Thus each action aimed at protecting the health of bees and other pollinators is important not only for them but also for humankind. “Bees Caring for Humankind. Humankind Caring for Bees,” says the world body.

Big Facts

Here are 13 big facts the United Nations provides:
There are more than 20,000 species providing pollination service, but honeybees, i.e. those widely used for commercial honey production, are perhaps the most charismatic representatives of them. They are distinguished by the fact that they are the least picky in their choice of flowers.

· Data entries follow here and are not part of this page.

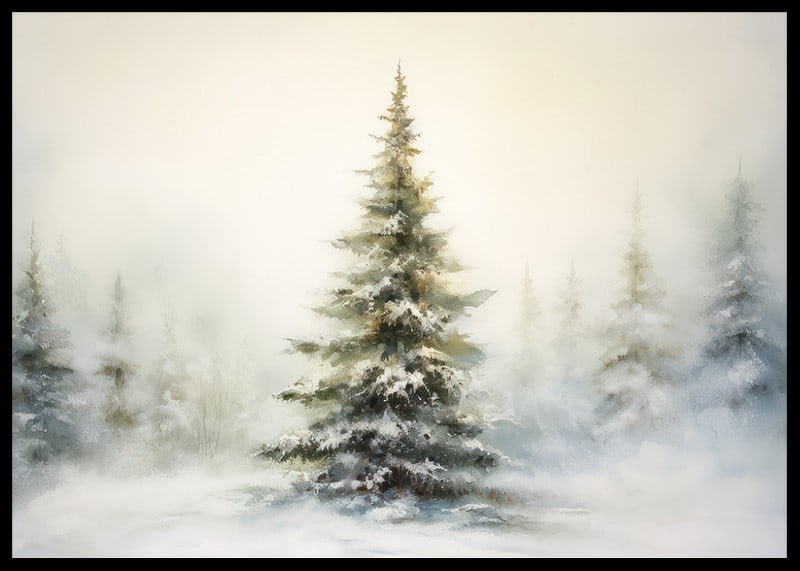 Watercolor painting of snow-covered fir tree against light, foggy winter background-12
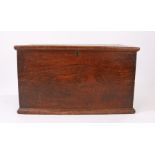 19th Century elm chest, the rectangular top above carrying handles to either side raised on a plinth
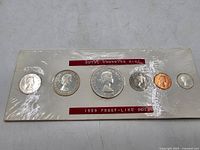 Full view of 1959 six-coin Prooflike set in original packaging with Royal Canadian Mint label.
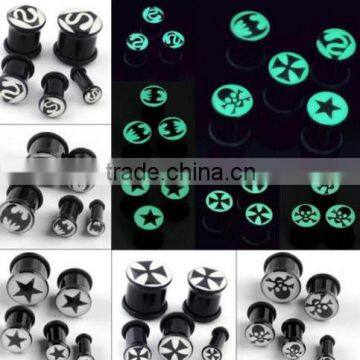 glow in the dark acrylic insect ear plug piercing jewelry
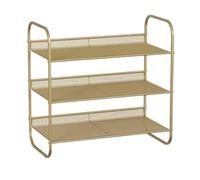 NTIYOU Scarpiere Scaffale for scarpe a 3 livelli, robusto scaffale for riporre le scarpe in rete for ingresso, soggiorno, camera da letto, scaffale for scarpe Porta d'ingresso(Gold)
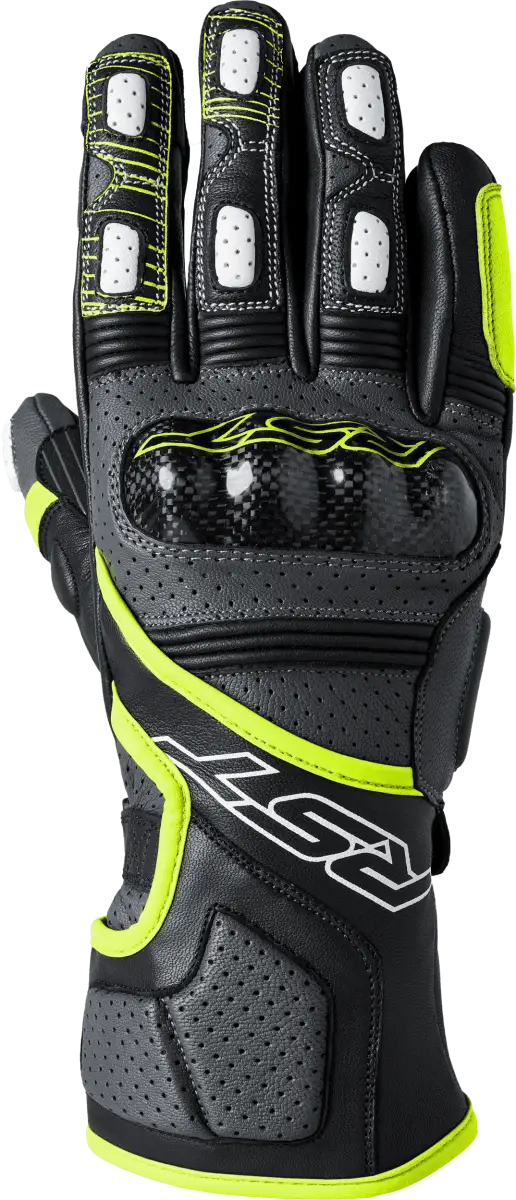 103179F.YEL-10 Rst Fulcrum Ce Glove Grey/Flo Yellow/Black Lg - RV and Auto Parts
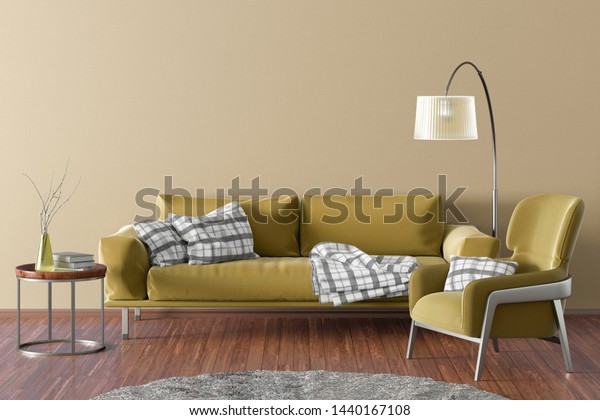 Interior Modern Living Room Beige Wall Stock Illustration 1440167108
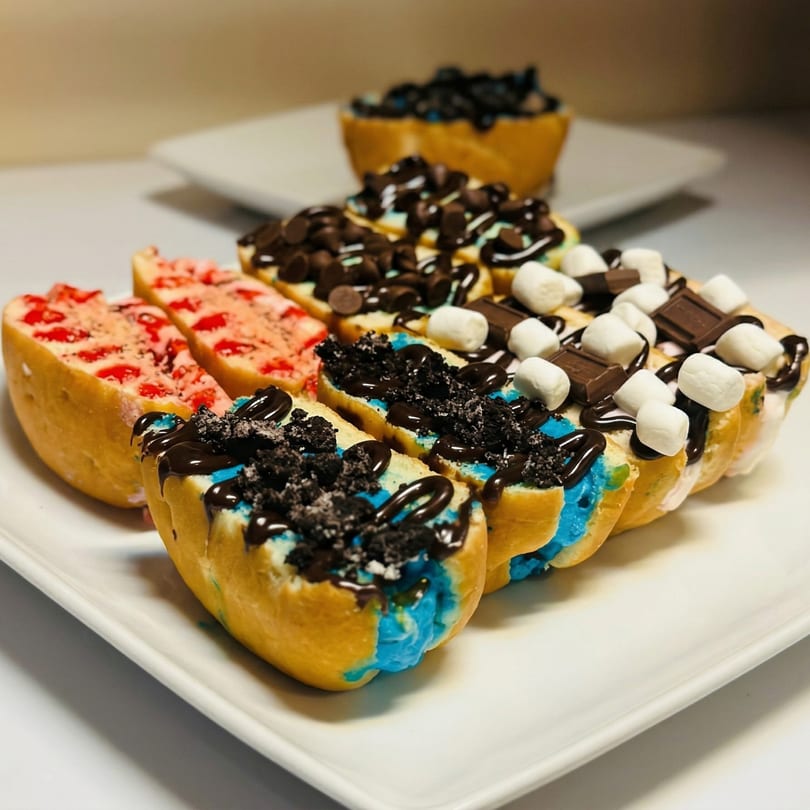 A white platter holds several dessert hot dogs with colorful fillings and various toppings.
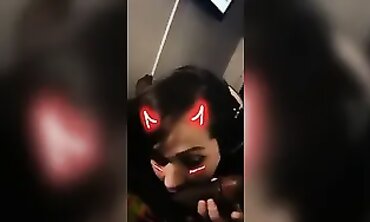 Sucky Good: Latina Babysitter Gives Interracial Blowjob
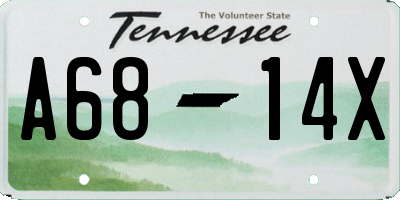 TN license plate A6814X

Honeybees are social insects that live in colonies, each consisting of:
• The queen, whose main activity is egg-laying, up to 2,000/day,
• 20,000–80,000 workers, all of which are females and
• 300–1,000 males (drones), whose sole responsibility is fertilisation.
• The queen will normally live for between 1 and 4 years, while a worker bee will live for 6–8 weeks in the summer and 4–6 months in the winter.
• Without a queen, the colony will eventually die.
• The workers perform a multitude of tasks, including tending to the queen, feeding larvae, feeding drones, nectar ripening, producing heat, collecting water, beehive-cleaning, guard duty, and field collection of pollen and nectar. A single honeybee may collect 1/12 of a teaspoon of honey in her lifetime.
• The “drones” would die of starvation if the workers stopped feeding them.
• Bees have personalities! Despite the phrase “busy as a bee”, even within a colony there will be workers and shirkers!
• Honeybees’ wings beat 11,400 times per minute, this making their distinctive buzz.
• Bees can recognise human faces.
• Bees are nature’s most economical builders – honeycombs are among the most efficient structures in nature; their walls meet at a precise 120-degree angle, making a perfect hexagon.
• Bees fly outside the hive normally when temperatures rise above 50 degrees Fahrenheit (10 degrees Celsius).
• Honeybees do not hibernate, but cluster for warmth. They remain active all winter.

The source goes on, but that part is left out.